Goalist Developers Blog

Which Python Package Manager Should You Use?

f:id:vivek081166:20190612133948p:plain
source : https://realpython.com/

Nowadays Python is everywhere  - academics, data science, machine learning, enterprise application, web application, scripting... you name it python is everywhere. Whatever you do, python is there either to help you or give you a headache.

Let's say, you have learned python programming and ready to use to develop applications, surely, as that sounds great, you jump into coding python scripts and eventually start installing python packages. From there one follows a dangerous path into a developer’s nightmare.

f:id:vivek081166:20190612152119p:plain
source : https://xkcd.com/1987/

Package installation may lead to having incompatibility issues or make other applications unworkable.

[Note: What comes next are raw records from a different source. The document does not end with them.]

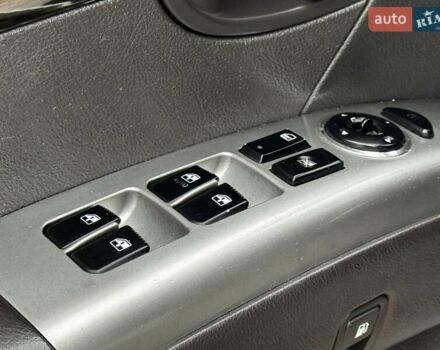 Сірий Хендай Санта Фе, об'ємом двигуна 2.2 л та пробігом 180 тис. км за 11200 $, фото 19 на Automoto.ua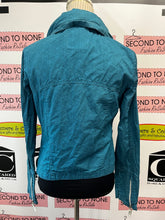 Load image into Gallery viewer, Bench Hooded Jacket (Size M)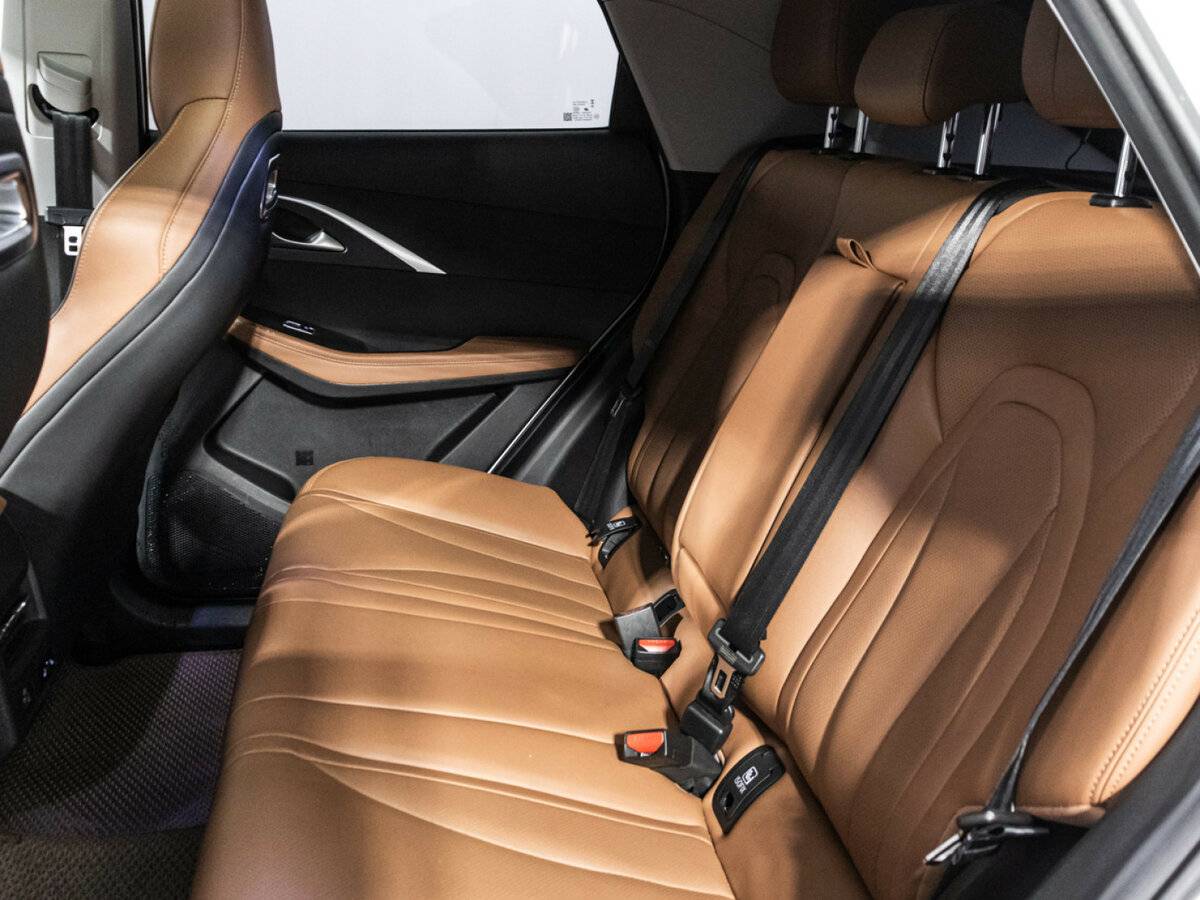 OMODA C5 с пробегом — 2022 год. Фото: #9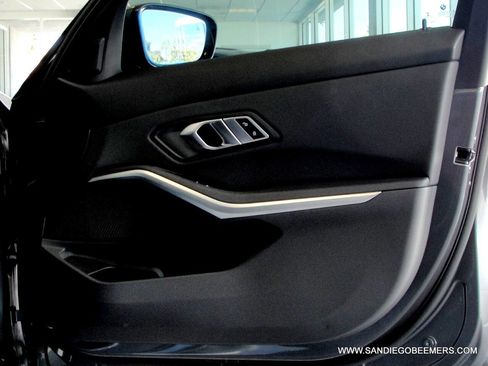 Used 2020 BMW 330i Sedan w/ Convenience Package image 13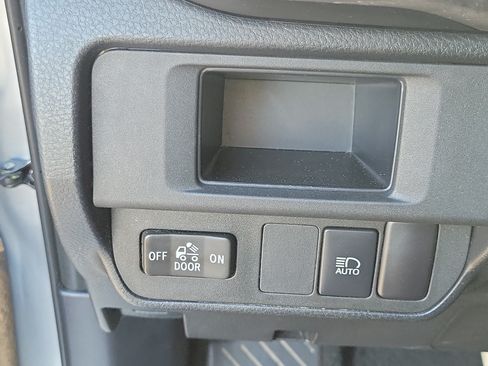 Used 2018 Toyota Tacoma SR5 RWD image 26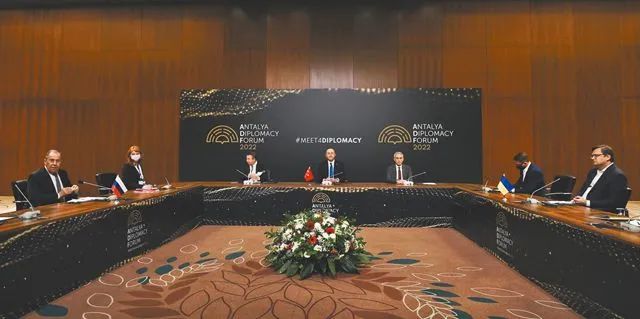 北约威胁开战，普京如何应对？！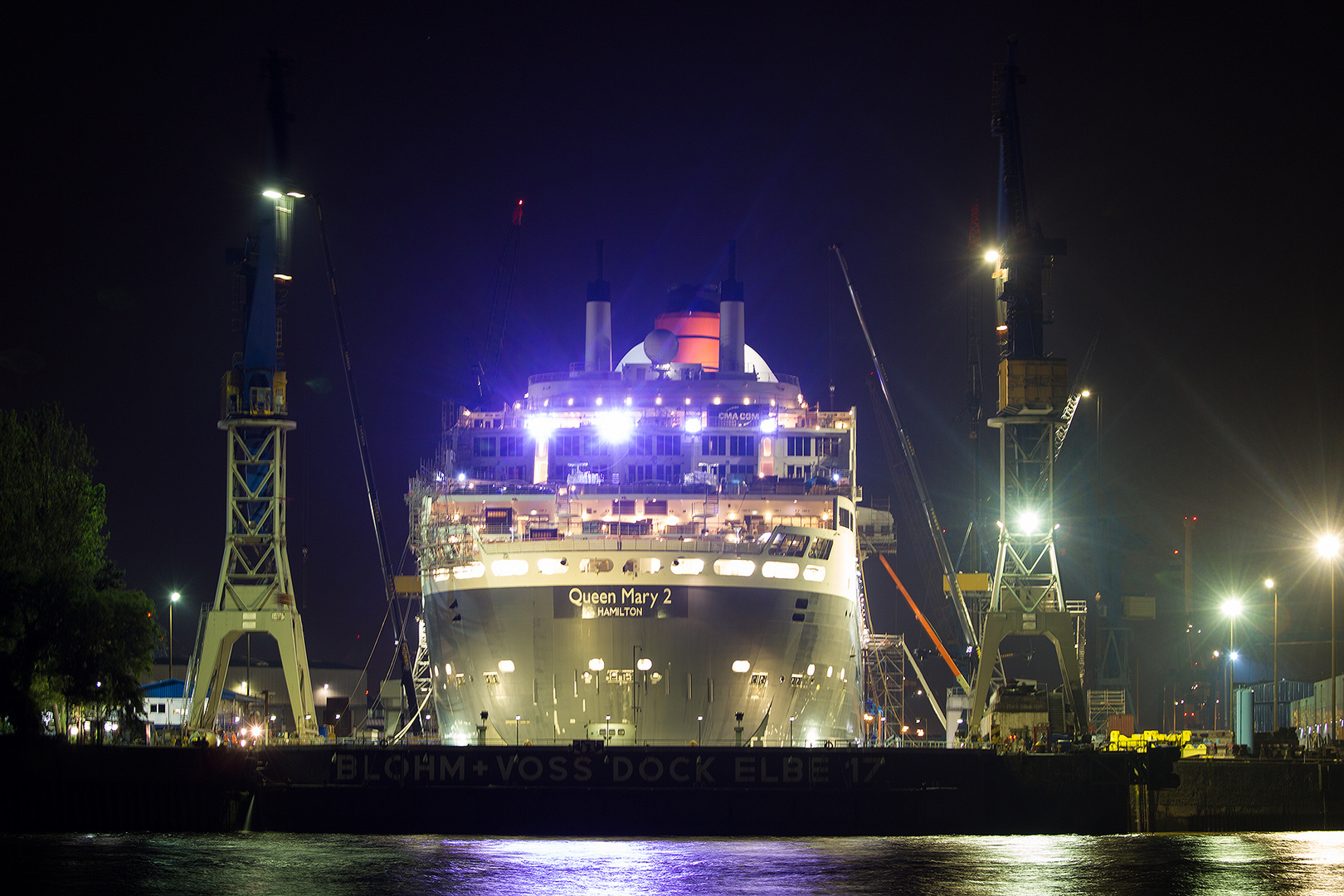 QM 2 im Dock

And you may discover that your code does not work on some machines while it just works flawlessly on your local machine. Why??? It's because of the Python environment.

To save yourself from incompatibility issues, a separate virtual python environment needs to be created for a project.

A virtual environment is a bunch of scripts and directories that can run python isolated. By using a virtual environment, each python project can have its own dependencies regardless of other projects and system python environments.

In this blog post, I would like to share with you my environment for working with data and doing machine learning. You most definitely do not need to copy anyone's setup but perhaps use the one that best fit for you.

f:id:vivek081166:20190612134946p:plain

Every programmer has different preferences when it comes to their programming environment vim versus emacs, tabs versus spaces, virtualenv versus anaconda.

To start with, we need to talk about pip. A python person {what :O} knows that pip is Python's package manager. It has come built into Python for quite a while now, so if you have Python, you likely have pip already.

pip installs packages like tensorflow and numpy, pandas and jupyter, and many more along with their dependencies. Many Python resources are delivered in some form of pip packages. Sometimes you may see a file called requirements.txt in someone's folder of Python scripts. Typically, that file outlines all of the pip packages that the project uses, so you can easily install everything needed by using

pip install -r requirements.txt

As part of this ecosystem, there's a whole world of version numbers and dependencies. You sometimes need to use different versions of a given library for different projects that you are working on.

So you need a way to organize groups of packages into different isolated environments. Otherwise, looking at the version errors you would want to bang your head against the wall.

There are two popular options currently for taking care of managing your different pip packages virtualenv and anaconda.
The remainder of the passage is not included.